• Criterion Collection
  • Spend It All (1971) by Les Blank

If you’re looking for a gift for a foodie for the holidays, skip the restaurant gift certificates and the weird one-use kitchen tools, and go directly to the video section. Late in November, Criterion released a box set containing about ten hours of films by one of the best American filmmakers you never heard of, Les Blank (1935-2013). Yes, he made documentaries, but he wasn’t a killjoy. His subjects were mostly poor, but they were always out to have a good time with music, drink, and food.

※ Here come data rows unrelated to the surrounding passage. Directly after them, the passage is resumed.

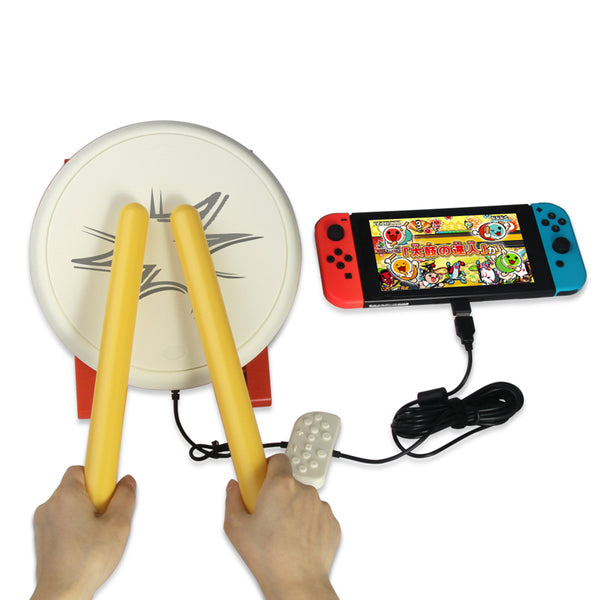 Taiko no Tatsujin Drum Controller for Nintendo Switch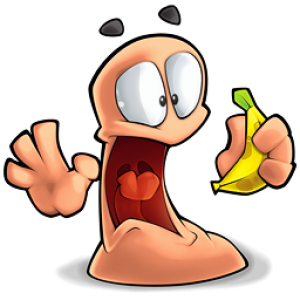 Worms game PNG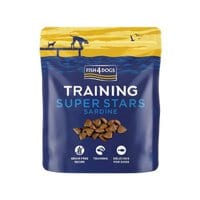Fish4Dogs Training Super Stars Sardine Dog Treats 150g 301251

Always For Pleasure (1978), about Mardi Gras, has notable performers (including the Neville Brothers) and lots of information about the Mardi Gras krewes, but more than that it captures all the vibrant enjoyment of life in New Orleans on Fat Tuesday. Same for In Heaven There is No Beer? (1984), about polka dancers, or Chulas Fronteras (1976), about Tex-Mex music. Other films abandoned the idea of even sticking to a single subculture—Garlic Is as Good as Ten Mothers (1980) crosses cultures to depict love for the ingredient that’s essential in so many ethnic cuisines (and, not coincidentally, considered beyond the pale in more proper and stuffy ones), and Blank hilariously indulged one of his own erotic preferences in the endearing Gap-Toothed Women (1987). It’s no exaggeration to say that things like Anthony Bourdain’s TV shows, sardonically personal essays about places and culture, wouldn’t exist as they do without Blank having first swum against the tide of earnest seriousness in ethnographic documentary filmmaking.